## What the exercise asks
Each line of the data below should be restated exactly, with images left out.

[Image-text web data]
........

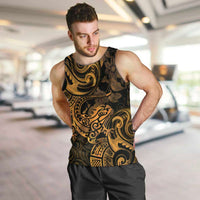New Zealand Tuatara Men Tank Top Aotearoa Maori Clematis Flowers - Gold LT14 Gold - Polynesian Pride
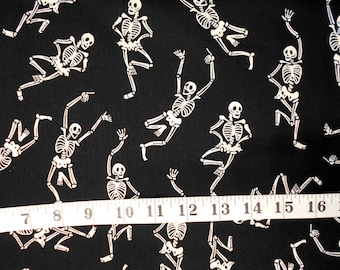 Skeleton Fabric #5847 Dancing Skeletons/white skeleton on black background/C13939-BLACK/monthly placemats 2 october/Riley Blake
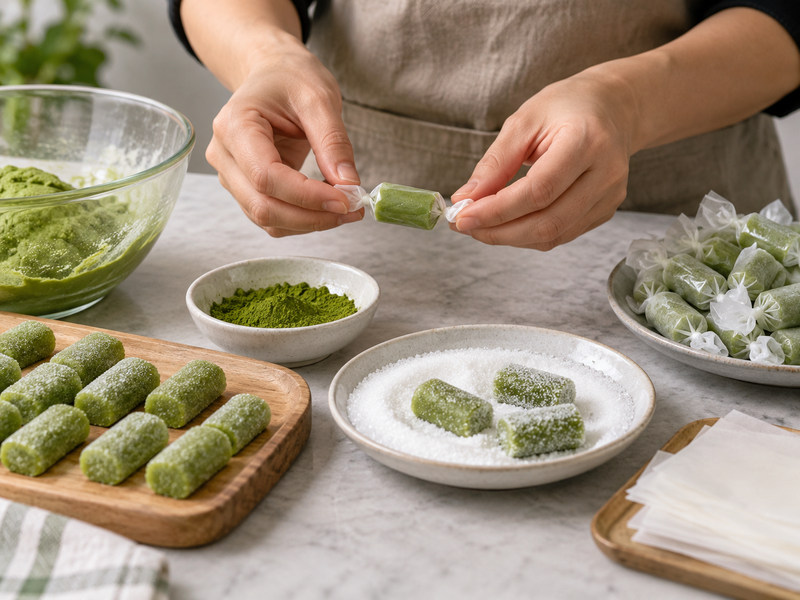 Cook folding a smooth matcha paste into a milk-candy dough with a cut sample nearby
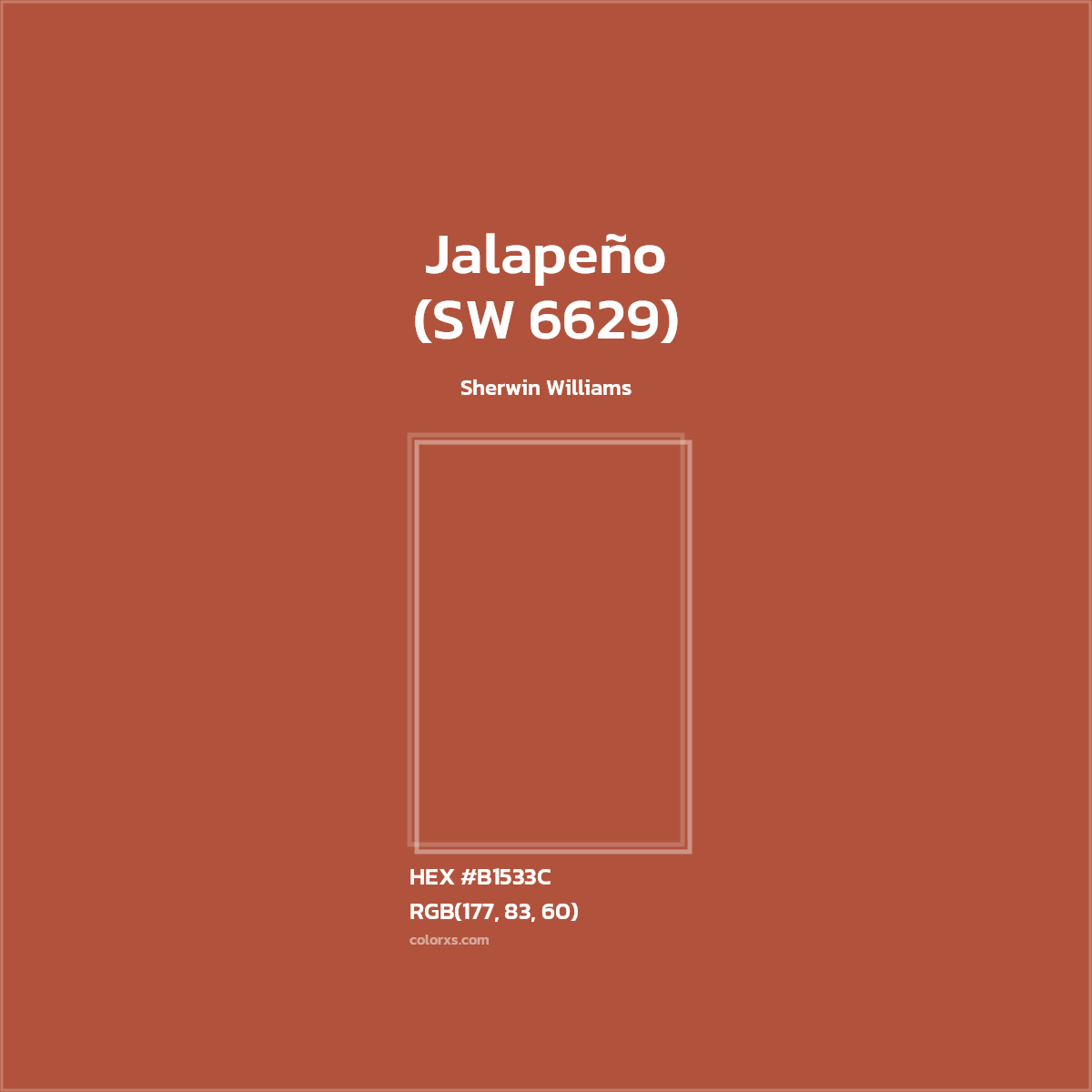 #B1533C Jalapeño (SW 6629) Paint Sherwin Williams - Color codes and meaning | Matching colors and paints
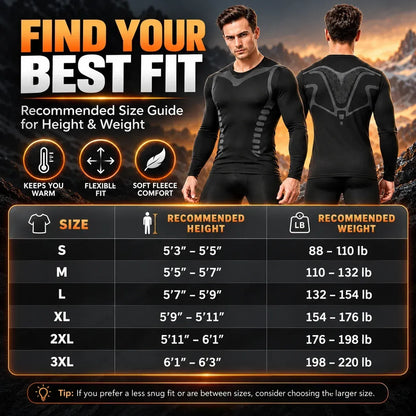 Men's Fleece-Lined Thermal Underwear Set – Warm Stretch Base Layer for Winter & Outdoor Activities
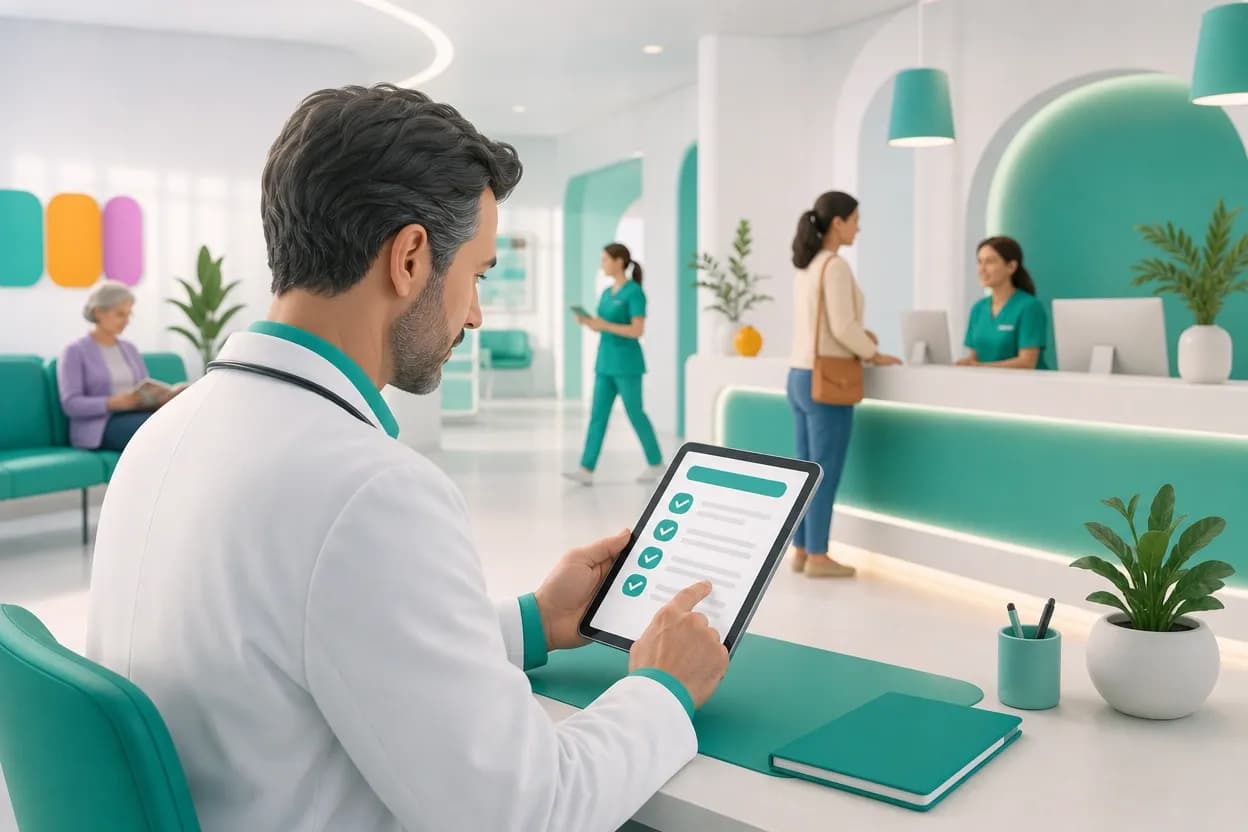 Medico che consulta una checklist stilizzata su tablet per il passaggio successivo di invio dati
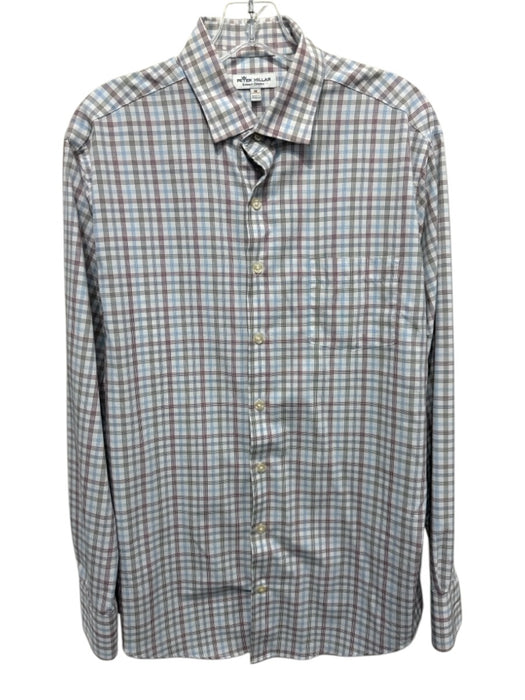 Peter Millar Size M Red & Blue Synthetic Plaid Button Up Men's Long Sleeve Shirt Red & Blue / M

........

## Result of this task
New Zealand Tuatara Men Tank Top Aotearoa Maori Clematis Flowers - Gold LT14 Gold - Polynesian Pride
 Skeleton Fabric #5847 Dancing Skeletons/white skeleton on black background/C13939-BLACK/monthly placemats 2 october/Riley Blake
 Cook folding a smooth matcha paste into a milk-candy dough with a cut sample nearby
 #B1533C Jalapeño (SW 6629) Paint Sherwin Williams - Color codes and meaning | Matching colors and paints
 Men's Fleece-Lined Thermal Underwear Set – Warm Stretch Base Layer for Winter & Outdoor Activities
 Medico che consulta una checklist stilizzata su tablet per il passaggio successivo di invio dati
 Peter Millar Size M Red & Blue Synthetic Plaid Button Up Men's Long Sleeve Shirt Red & Blue / M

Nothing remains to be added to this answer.